• _Exercise objective_
Pictures appear among the records below and must be omitted. Repeat exactly the lines from the line with "Here we can" to the line with "Hello, welcome fellow", both included.
START Data for this exercise
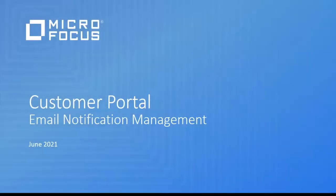Welcome. In this video, we will look at two different notification options that are available on the support portal.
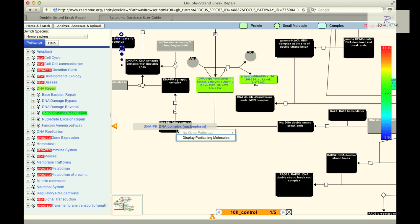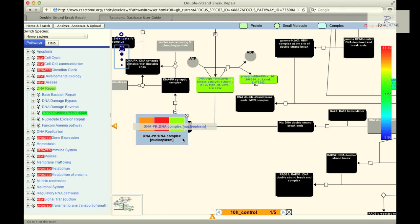Right click on the same complex entity and select Display participating molecules. A pop-up box should appear with a grid of colored squares inside it, representing expression levels for the complex components.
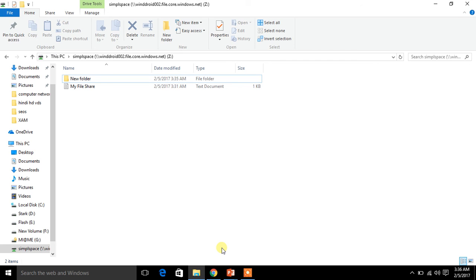I will also cover creating a gateway between two machines, creating virtual networks, and a lot more. I will try to cover whatever I can in the Azure concepts.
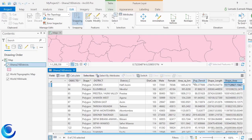Hello guys, Steven here. In this tutorial I am going to show you how to use the Field Calculator in ArcGIS Pro. For those coming originally from ArcMap, you should be familiar with the field calculator — the one in ArcGIS Pro is basically not new, so you may already be familiar with some of the things I'll be showing you.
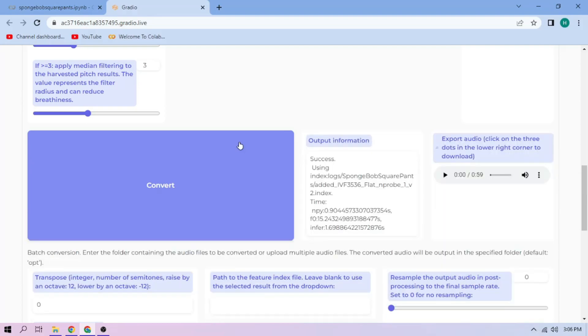Here we can play our cover audio. To download the audio, click the three dot mark and download.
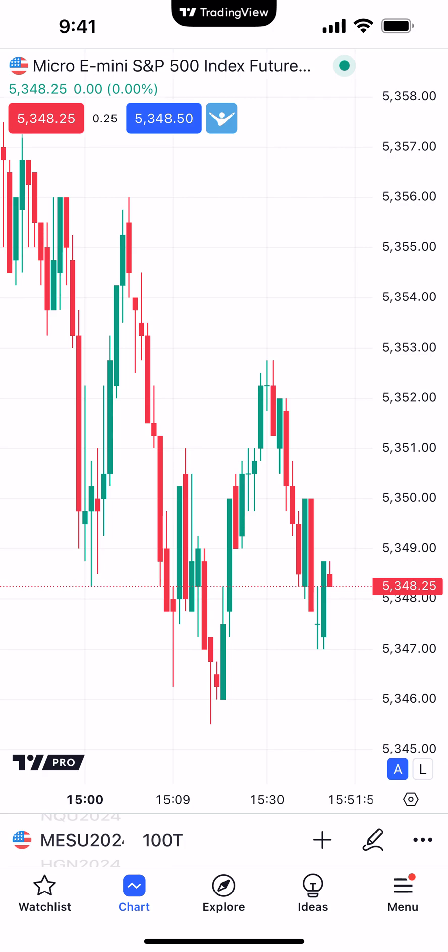Hello, welcome fellow traders. AMP Futures here, presenting another how-to video. In today's video, we're going to demonstrate how to create study templates using the TradingView mobile app.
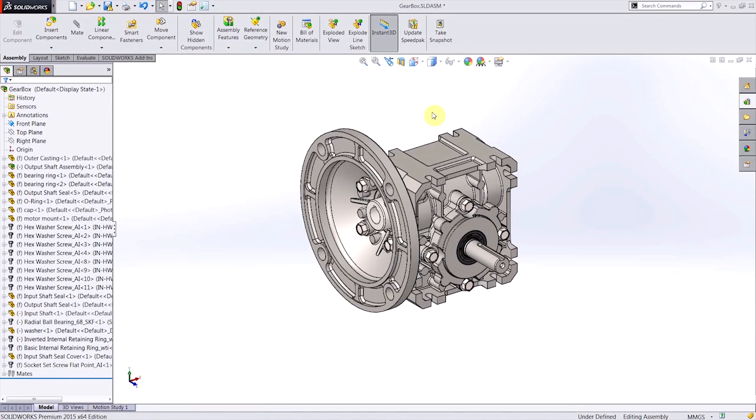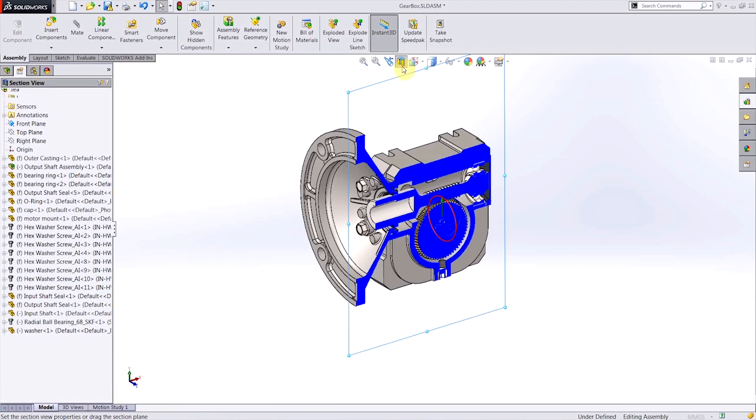Hi, this is Hunter. I'm an applications engineer here at Hawk Ridge Systems, and today I'd like to go over one of my favorite new enhancements to the section view tool in SOLIDWORKS 2015.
END Data for this exercise
• _Response to the task_
Here we can play our cover audio. To download the audio, click the three dot mark and download.
Hello, welcome fellow traders. AMP Futures here, presenting another how-to video. In today's video, we're going to demonstrate how to create study templates using the TradingView mobile app.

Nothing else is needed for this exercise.